The idea behind this forum is that anyone can post a poll... and get answers from the other members here.

Posting a poll is real easy. Just create a post as usual, and towards the bottom, choose "Post a poll" and specify how many options you want for your poll. On the next page, you'll specify your question, and the answers that will be available to the members.

So if you're interested in finding out what other members are doing, or what they think about an issue, post a poll!


----------



## On a call (Mar 3, 2010)

can we get political here /?


----------



## catcapper (Feb 11, 2010)

Rules are Rules.


----------



## El Gato Loco (Jan 15, 2010)

On a call said:


> can we get political here /?


So far this has been a peaceful place without the politics. I think we'll keep it that way for now.


----------



## youngdon (Mar 10, 2010)

I agree. It'll just spill out into the other forums.


----------



## On a call (Mar 3, 2010)

ah ok guys...besides...it is predator hunting site huh. I agree lets continue the fun without bringing in party poopers .

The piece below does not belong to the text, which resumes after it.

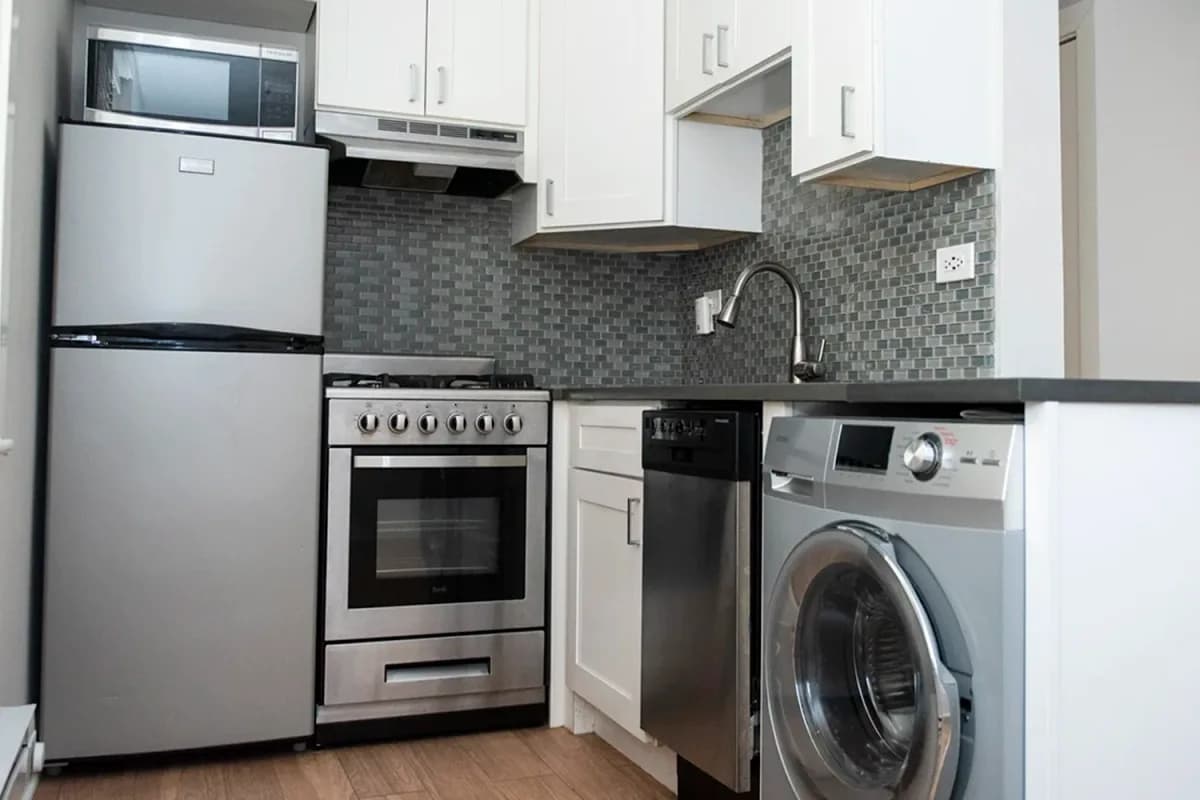 511 W. Belmont Ave, Apt 511-3 — photo 1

Thanks Chris, I think this was a good idea.


----------



## singlesix (May 13, 2010)

new poll forum good idea


----------



## stevecriner (Jul 10, 2012)

I cant figure out how to do the polls?


----------



## fr3db3ar (Aug 6, 2011)

stevecriner said:


> I cant figure out how to do the polls?


----------



## Antlerz22 (Apr 18, 2011)

stevecriner said:


> I cant figure out how to do the polls?


 You open the curtain-- go in, punch republican, pull the lever, exit the booth, and get rid of Obamination by doing so and save whats left of OUR Country. Simple right?


----------



## stevecriner (Jul 10, 2012)

Antlerz22 said:


> You open the curtain-- go in, punch republican, pull the lever, exit the booth, and get rid of Obamination by doing so and save whats left of OUR Country. Simple right?


 Got it!


----------



## SerenityNetworks (Apr 9, 2013)

stevecriner said:


> I cant figure out how to do the polls?


Same here...

I start a new post. I can click the "Manage Poll Topic" link and complete the poll. But I see nowhere to submit the completed poll. If I submit the post, it posts but there is no poll attached.

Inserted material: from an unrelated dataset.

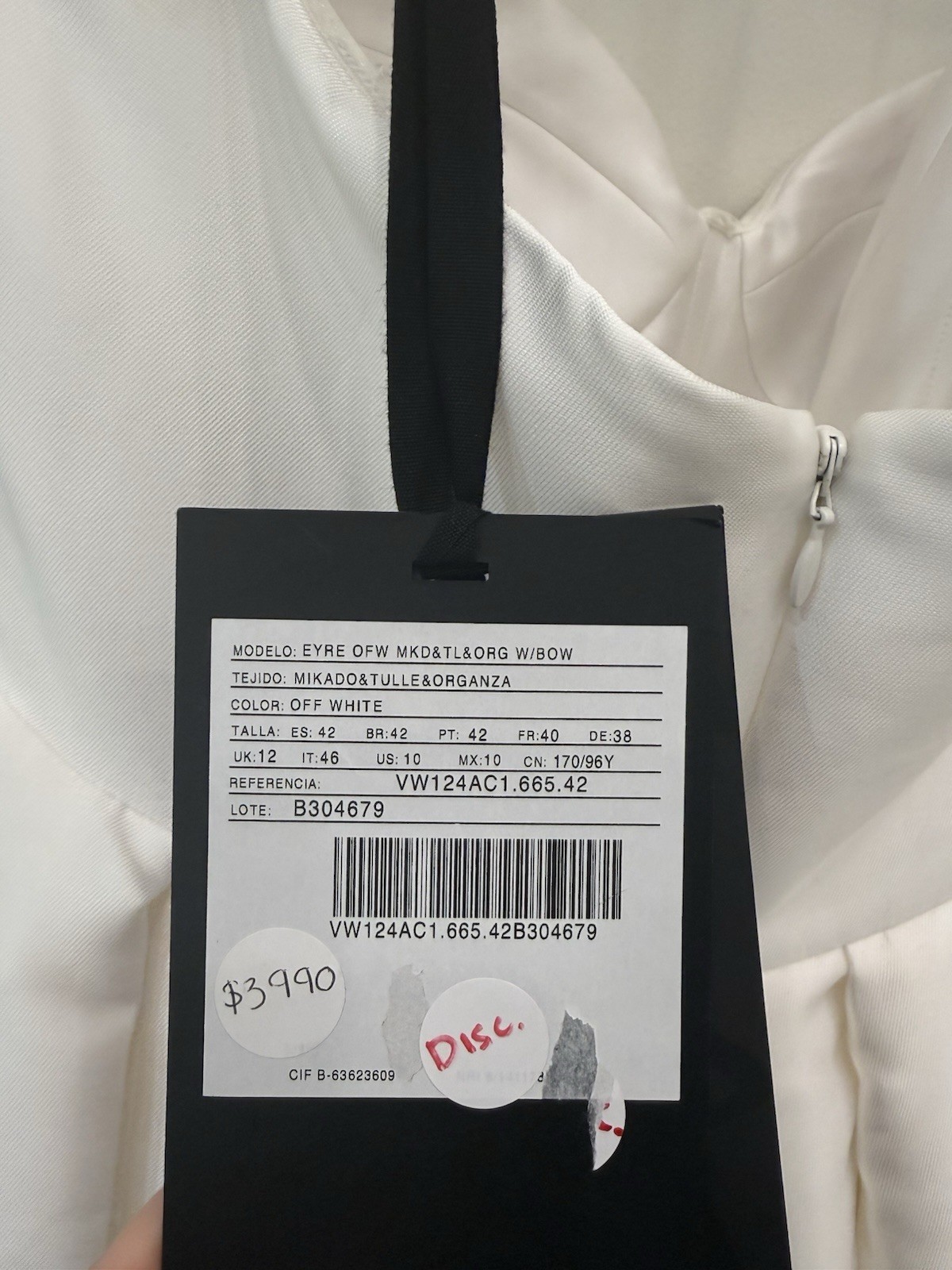 Vera Wang Eyre Size 10 Color off white Retail$3,990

Following is a screenshot of what I'm seeing. Please advise on what I'm doing wrong. I've tried in FF, IE, and Chrome without any luck.

Thanks,

Andrew


----------



## youngdon (Mar 10, 2010)

http://www.predatortalk.com/topic/10063-shooting-sticks-or-bipod/

This may fit your needs for who uses what. The poll itself is rather vague, but the posts contain actual brand preferences.


----------



## SerenityNetworks (Apr 9, 2013)

I just went ahead and hit the "Post" button on the one I created. It worked fine. The "Preview" button doesn't show the poll, which is why I was thinking I was doing something wrong.


----------